It’s surprising to think sometimes that the book Fatbag, my first professional (i.e. paid!) job as an illustrator, was 30 years ago this year. I remember creating the drawings like it was yesterday.
Having graduated from Manchester I moved to Norwich, where my parents had decided to re-settle during my absence. Rural Norfolk was a complete contrast to Manchester. I knew nothing about Norwich at all, but there was a burgeoning music and arts scene which I slipped into pretty quickly. With virtually no budget I started anonymously publishing an indies music/arts fanzine The Blue Blanket, through which I interviewed bands, touring and local, ran local event listings, plus there were odd features on the arts, and opinionated flippant essays under various nom-de-plumes.

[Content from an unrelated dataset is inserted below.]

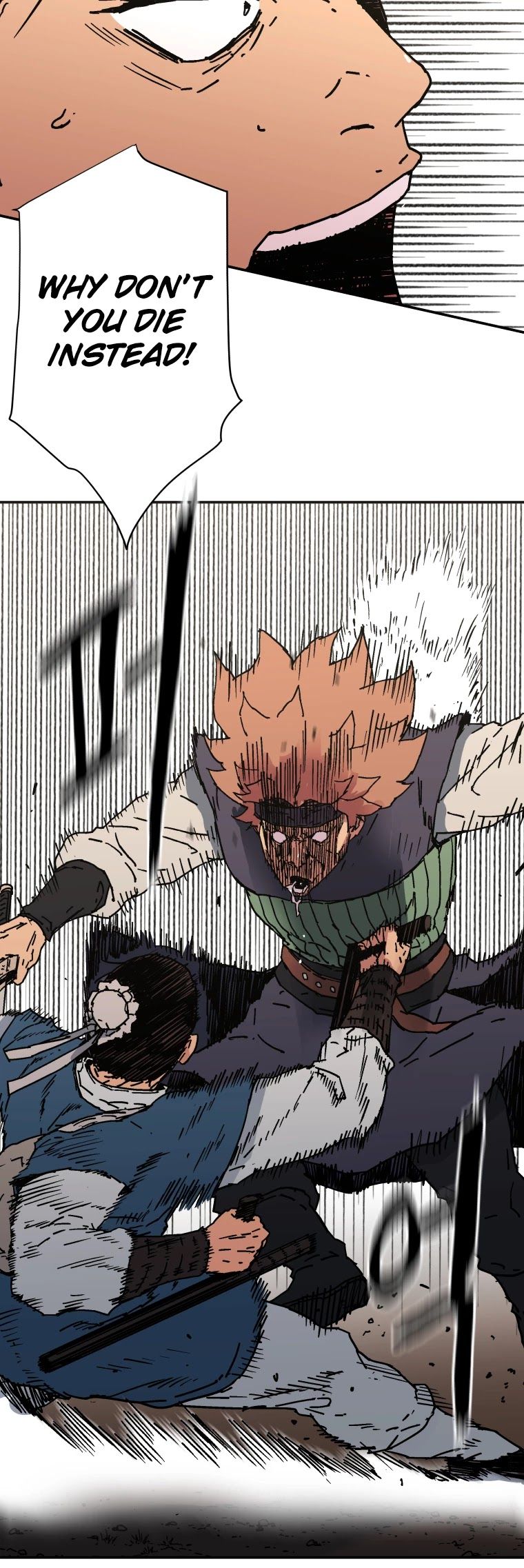 Peerless Dad chapter 166 page 7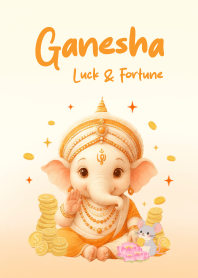 พระพิฆเนศ : เสริมโชคความร่ำรวย(พฤหัสบดี)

And of course it was fully illustrated with my work. It was fun, made me a bunch of friends very quickly, and invariably sold out. Somewhere along the years of multiple housemoving I lost my own remaining copies, so I’ve only memories of the magazine now, but recently I did find one piece of artwork in my dad’s house.
Any funds raised were pumped straight back into the production of the magazine, so the print quality and distribution gradually improved, the print run more than doubled over a year. However by then it was becoming a burden to write, illustrate, edit and publish largely by myself, the magazine was a full time job and I always paid for contributions, leaving very little for myself. I had to make a choice – am I going to do this for a living? In which case I’d need to generate some income from it, or take up the reins of freelance illustration, which I’d just spent 4 years studying? It was time to get serious about my career.
After throwing most of my student artwork out of the window on the last day at Manchester Poly (see previous post) I just had a simple portfolio of graduate pieces I wasn’t particularly happy with, mostly black and white. So I began looking with fresh eyes at the market for children’s illustration. I worked on some story ideas and drew a full colour dummy picture book Bored Brenda, (a modern day twist on The Fisherman’s Wife, set in Manchester) plus a couple of other watercolour portfolio pieces, and added drawings from The Blue Blanket to my degree show black and white work.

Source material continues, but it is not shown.